-- Opening Marker --

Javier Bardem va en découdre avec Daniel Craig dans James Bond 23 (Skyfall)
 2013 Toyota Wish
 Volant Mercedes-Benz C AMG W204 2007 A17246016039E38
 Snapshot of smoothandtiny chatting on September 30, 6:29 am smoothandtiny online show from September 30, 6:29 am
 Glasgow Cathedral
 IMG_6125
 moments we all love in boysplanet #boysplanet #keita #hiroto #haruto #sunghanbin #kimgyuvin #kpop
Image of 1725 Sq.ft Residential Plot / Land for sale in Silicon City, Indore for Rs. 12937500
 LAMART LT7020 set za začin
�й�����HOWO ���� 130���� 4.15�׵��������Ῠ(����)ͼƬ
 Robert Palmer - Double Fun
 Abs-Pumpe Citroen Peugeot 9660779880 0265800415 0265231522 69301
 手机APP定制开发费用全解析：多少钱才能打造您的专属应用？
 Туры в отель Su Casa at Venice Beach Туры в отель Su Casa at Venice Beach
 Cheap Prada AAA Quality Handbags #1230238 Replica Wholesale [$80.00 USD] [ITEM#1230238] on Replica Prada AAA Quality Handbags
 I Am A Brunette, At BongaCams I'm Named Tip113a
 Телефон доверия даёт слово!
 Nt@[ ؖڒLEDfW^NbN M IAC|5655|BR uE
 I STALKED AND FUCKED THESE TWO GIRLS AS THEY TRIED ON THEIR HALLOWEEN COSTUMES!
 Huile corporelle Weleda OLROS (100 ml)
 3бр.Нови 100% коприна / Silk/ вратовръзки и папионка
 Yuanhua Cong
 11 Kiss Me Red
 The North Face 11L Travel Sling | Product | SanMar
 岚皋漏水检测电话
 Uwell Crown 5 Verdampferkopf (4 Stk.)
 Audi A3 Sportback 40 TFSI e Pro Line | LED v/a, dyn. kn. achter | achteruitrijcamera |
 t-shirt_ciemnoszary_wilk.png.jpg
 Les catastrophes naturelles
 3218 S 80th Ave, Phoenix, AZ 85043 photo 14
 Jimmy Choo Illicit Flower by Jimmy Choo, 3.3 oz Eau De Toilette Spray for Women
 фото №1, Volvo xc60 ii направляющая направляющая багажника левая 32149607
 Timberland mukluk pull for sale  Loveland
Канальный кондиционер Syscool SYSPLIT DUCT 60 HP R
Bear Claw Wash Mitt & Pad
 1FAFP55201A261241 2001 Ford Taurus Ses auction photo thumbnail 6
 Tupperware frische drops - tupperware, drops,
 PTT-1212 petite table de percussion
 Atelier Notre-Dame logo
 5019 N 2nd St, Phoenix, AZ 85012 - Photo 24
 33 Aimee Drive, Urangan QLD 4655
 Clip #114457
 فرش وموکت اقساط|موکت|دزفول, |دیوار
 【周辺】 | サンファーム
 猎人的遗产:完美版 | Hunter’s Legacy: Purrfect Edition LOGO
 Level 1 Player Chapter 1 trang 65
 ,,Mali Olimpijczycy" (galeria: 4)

-- Closing Marker --

(Work task): Look through the data above. Each line containing the word "Phoenix" needs to be copied.

(Solution):
 3218 S 80th Ave, Phoenix, AZ 85043 photo 14
 5019 N 2nd St, Phoenix, AZ 85012 - Photo 24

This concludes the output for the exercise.